Are you asking for a change in this patch here, Alex?

sjakobi updated this revision to Diff 18469.Fri, Oct 26, 12:02 PM
  • HaddockLex: Simplify a type
harpocrates added inline comments.Fri, Oct 26, 11:54 PM
compiler/parser/HaddockLex.x
80

This is more involved that just

-    let pflags = ParserFlags EnumSet.empty EnumSet.empty (stringToUnitId "") 0
+    let pflags = ParserFlags EnumSet.empty (EnumSet.fromList [MagicHash]) (stringToUnitId "") 0

because the 0 is a bitset that also takes into account language extensions. In order to work around this is a sane fashion, I've opened D5269. With that, we'll want:

-    let pflags = ParserFlags EnumSet.empty EnumSet.empty (stringToUnitId "") 0
+    let pflags = mkParserFlags'
+                   EnumSet.empty (EnumSet.fromList [MagicHash])
+                   (stringToUnitId "")
+                   False False False False False
sjakobi updated this revision to Diff 18642.Fri, Nov 9, 7:03 PM
  • Bump haddock
  • Speed up utf8SplitAtByteString
sjakobi updated this revision to Diff 18643.Fri, Nov 9, 9:35 PM
  • Fix serialization of language extensions
sjakobi updated this revision to Diff 18644.Fri, Nov 9, 10:52 PM
  • Break some overlong lines
  • Strictly serialize the mi_docs constructor, lazily serialize the Docs inside
sjakobi added inline comments.Sat, Nov 10, 2:54 AM
compiler/parser/HaddockLex.x
6
sjakobi updated this revision to Diff 18646.Sat, Nov 10, 3:15 AM
  • HaddockLex: Add TODO
  • rnHsDocIdentifier: Check an invariant
sjakobi added a subscriber: Tritlo.Sat, Nov 10, 4:00 AM
sjakobi added inline comments.
compiler/typecheck/TcHoleErrors.hs
478

@Tritlo What do you think about this? mb_docs == Nothing implies that -haddock is turned off.

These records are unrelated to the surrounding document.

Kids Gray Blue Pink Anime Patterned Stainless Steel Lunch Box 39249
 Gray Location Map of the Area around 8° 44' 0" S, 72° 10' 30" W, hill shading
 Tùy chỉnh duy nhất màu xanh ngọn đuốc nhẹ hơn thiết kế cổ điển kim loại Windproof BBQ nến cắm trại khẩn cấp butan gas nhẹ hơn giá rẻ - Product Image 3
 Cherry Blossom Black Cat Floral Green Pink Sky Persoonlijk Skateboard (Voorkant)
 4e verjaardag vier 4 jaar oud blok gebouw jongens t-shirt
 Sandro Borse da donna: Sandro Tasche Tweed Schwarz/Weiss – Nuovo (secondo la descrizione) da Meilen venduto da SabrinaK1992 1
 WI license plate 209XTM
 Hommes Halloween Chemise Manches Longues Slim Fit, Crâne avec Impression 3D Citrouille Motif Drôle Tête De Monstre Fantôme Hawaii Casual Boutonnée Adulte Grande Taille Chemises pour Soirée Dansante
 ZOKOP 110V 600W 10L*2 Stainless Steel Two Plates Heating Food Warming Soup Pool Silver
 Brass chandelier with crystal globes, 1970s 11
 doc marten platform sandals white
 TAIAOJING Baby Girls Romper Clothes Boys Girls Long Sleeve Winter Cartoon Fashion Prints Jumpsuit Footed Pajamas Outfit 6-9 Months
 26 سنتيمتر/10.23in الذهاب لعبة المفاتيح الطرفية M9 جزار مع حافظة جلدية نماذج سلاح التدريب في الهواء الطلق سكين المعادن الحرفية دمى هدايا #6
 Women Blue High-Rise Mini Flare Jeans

If we want a warning for this case, do we also want them for the modules addressed by lookupInIface below? Potentially this could get very verbose…

Tritlo added inline comments.Sat, Nov 10, 6:11 AM
compiler/typecheck/TcHoleErrors.hs
478

I think we should avoid being too verbose if we can, but I think a warning should be in order. Maybe the following procedure: if the user asked for documentation, and one or more of the displayed suggestions does not have documentation (due to haddock being off), then add a message to the end to the effect of "Some documentation could not be found. Make sure the modules were compiled with '-haddock'". Would that be preferable?